# [Goal of the exercise]
Reproduce every line of the data, exactly and without its pictures.

# [Dataset content]
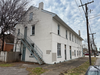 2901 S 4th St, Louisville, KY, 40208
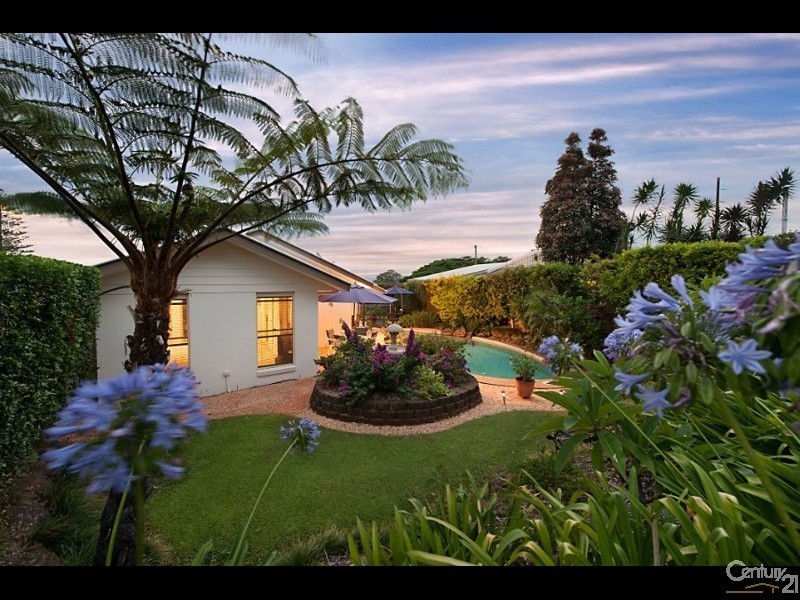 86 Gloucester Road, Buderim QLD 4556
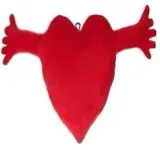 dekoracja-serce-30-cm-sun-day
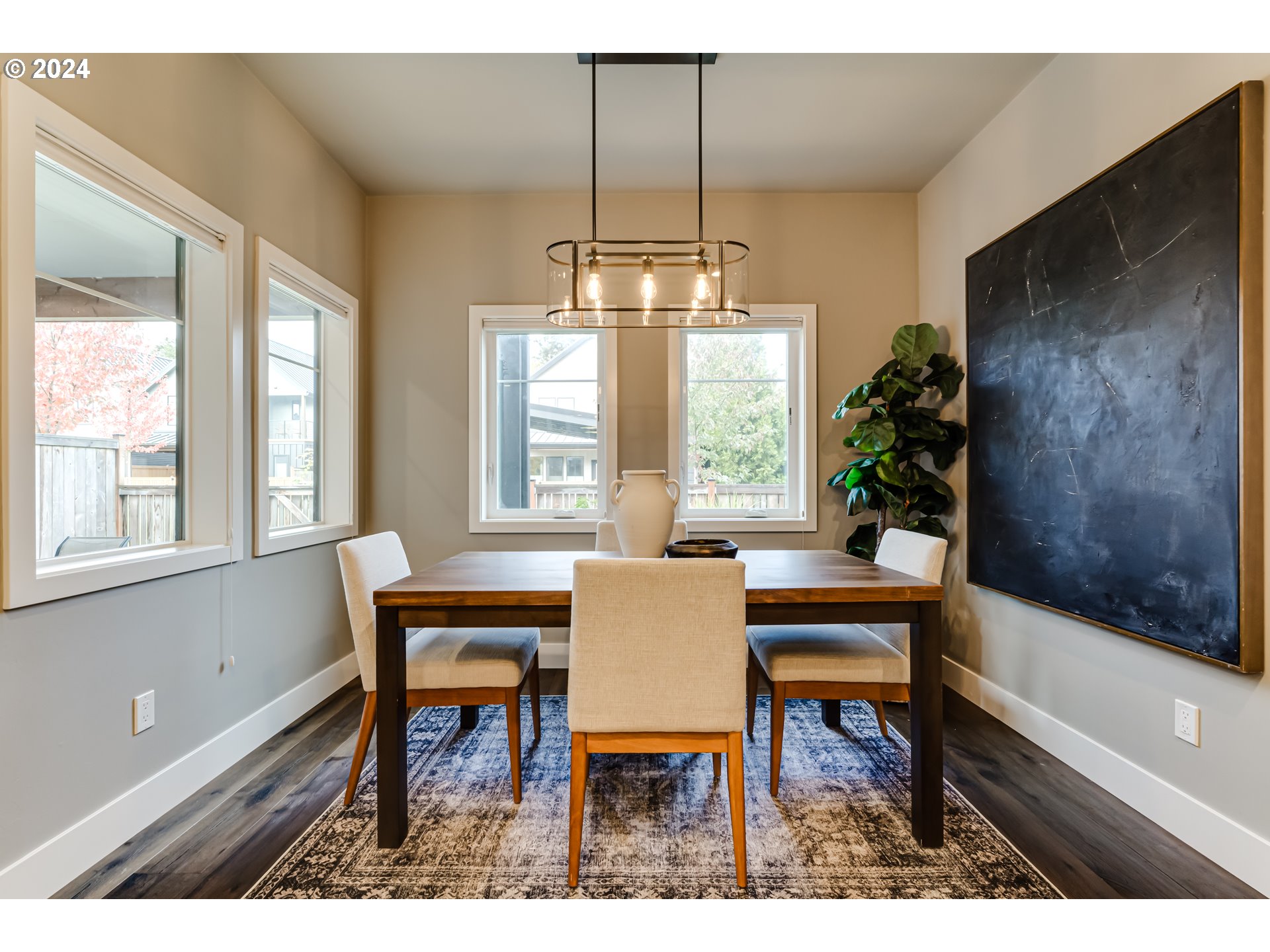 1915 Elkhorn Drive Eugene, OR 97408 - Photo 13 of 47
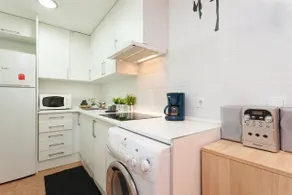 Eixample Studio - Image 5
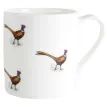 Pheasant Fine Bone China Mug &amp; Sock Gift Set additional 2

# [Response below]
 2901 S 4th St, Louisville, KY, 40208
 86 Gloucester Road, Buderim QLD 4556
 dekoracja-serce-30-cm-sun-day
 1915 Elkhorn Drive Eugene, OR 97408 - Photo 13 of 47
 Eixample Studio - Image 5
 Pheasant Fine Bone China Mug &amp; Sock Gift Set additional 2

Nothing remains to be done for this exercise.